PROVIDED MATERIAL.
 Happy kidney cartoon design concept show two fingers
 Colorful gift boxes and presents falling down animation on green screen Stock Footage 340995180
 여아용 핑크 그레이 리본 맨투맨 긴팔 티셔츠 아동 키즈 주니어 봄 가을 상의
...
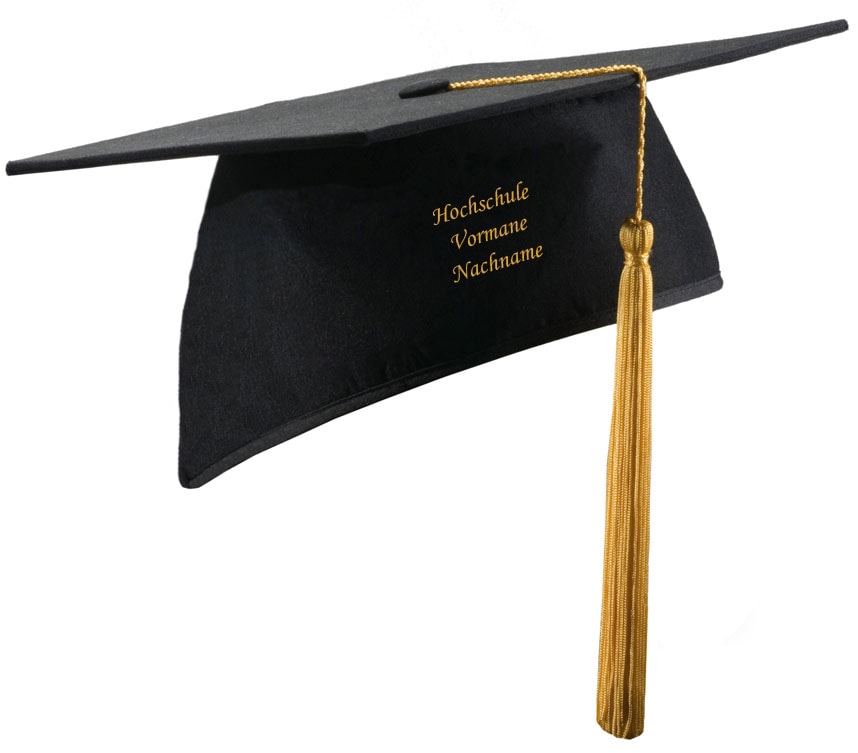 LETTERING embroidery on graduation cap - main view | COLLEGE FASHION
...
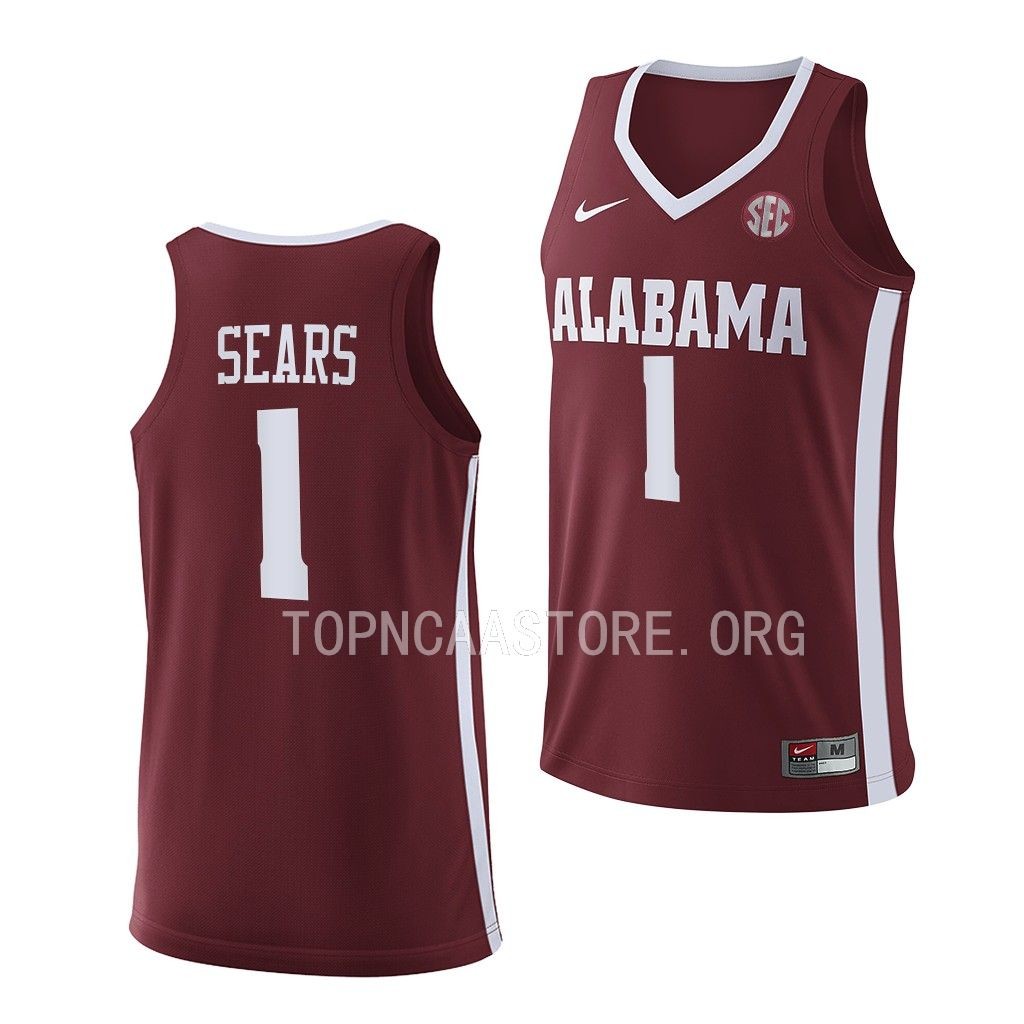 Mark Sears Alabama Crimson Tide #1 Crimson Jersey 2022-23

REQUIRED ACTION. With the line holding "Colorful gift boxes" as the first and the line holding "여아용 핑크 그레이 리본 맨투맨 긴팔 티셔츠 아동 키즈 주니어 봄 가을 상의" as the last, set down that range of the entries above exactly, and nothing else.

RESPONSE TO THIS TASK.
 Colorful gift boxes and presents falling down animation on green screen Stock Footage 340995180
 여아용 핑크 그레이 리본 맨투맨 긴팔 티셔츠 아동 키즈 주니어 봄 가을 상의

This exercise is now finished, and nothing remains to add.